Writing on photography

The Photobook: Regression not Revolution?

As a writer it’s sometimes interesting to use the tools at your disposal not only as a way to put forth a fully fledged and developed argument, or even an argument that you completely believe in. Instead sometimes it is worthwhile to tentatively explore an idea one suspects has some kernel of truth in it, or even simply to play devil’s advocate, to push forward an idea which might be flawed and suspect, but which there is still some value in discussing, even if it is ultimately dismissed. I issue this slight disclaimer before launching into the discussion proper because what I am about to suggest will seem extremely inconsistent to the many who will know me as someone who is heavily invested in photobooks and photobook making.

My suggestion then is this; that the current clamour around the photo book actually has very little at all to do with photo books as an end in themselves. Rather the enormous interest in this form as a way to package, distribute and view photographs is a reflection of something else. That is a something else which has spurned similar revivals in other rather anachronistic areas, like the rediscovery of analogue photography by so many who had abandoned it or who gained admission into photography sometime after silver halide’s departure into obsolescence. I increasingly suspect that what these rediscoveries or renaissances of rather old fashioned practices are really about is a deep rooted angst about the status of the photographic image, and by association the status of photography as whole, in contemporary society.

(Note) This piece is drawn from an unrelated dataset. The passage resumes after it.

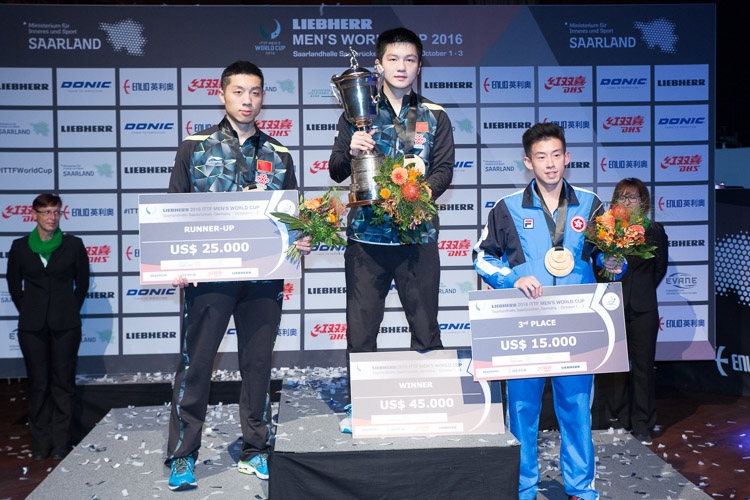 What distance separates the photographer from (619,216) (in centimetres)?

The nature of that angst is well charted on this blog and elsewhere and so I will only pay it cursory attention in this post, but I think it can be traced to two principal characteristics of contemporary photography. Firstly and most obviously it’s ubiquity, the massive explosion in the production and dissemination of imagery which has taken place over the past decade or so. This is inextricably linked to the second characteristic, the de-materialisation of photography from the physical object of a film or glass negative into an abstract collection of alphanumeric data, something which is natively no longer physical nor visual. These two things, but in particular the former, have contributed to a growing disquiet about the value and nature of the individual image in a world where photographs are abundant, slippery and often untrustworthy.

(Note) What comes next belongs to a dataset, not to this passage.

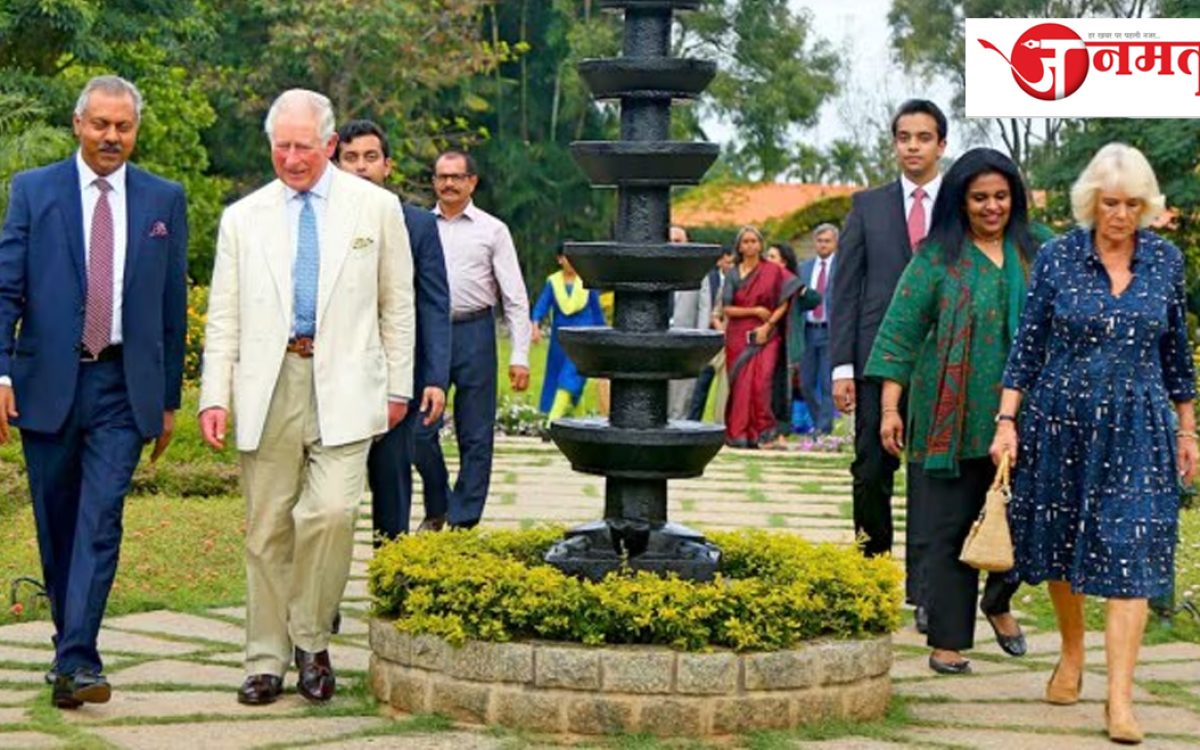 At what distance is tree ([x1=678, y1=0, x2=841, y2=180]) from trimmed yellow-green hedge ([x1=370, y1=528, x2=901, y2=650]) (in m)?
51.7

The more I look at photobooks the more I feel that to employ them is often an unconscious attempt to reclaim some token sense of control over what Siegfried Krakeur called the blizzard of images, the raging storm of a visual culture, in his case an analogue one, in our case a digital one. In many ways Krakeur’s analogy is all the more apt for our present, a world of pixels, fragments and reductions, together making up an increasingly incomprehensible whole. To apparently reclaim some control back through reversion to such old fashion forms as book and analogue film is a satisfying and empowering experience for a photographer, but it is an illusory form of control, the equivalent of pulling down the shutters and trying to ignore the raging squall outside.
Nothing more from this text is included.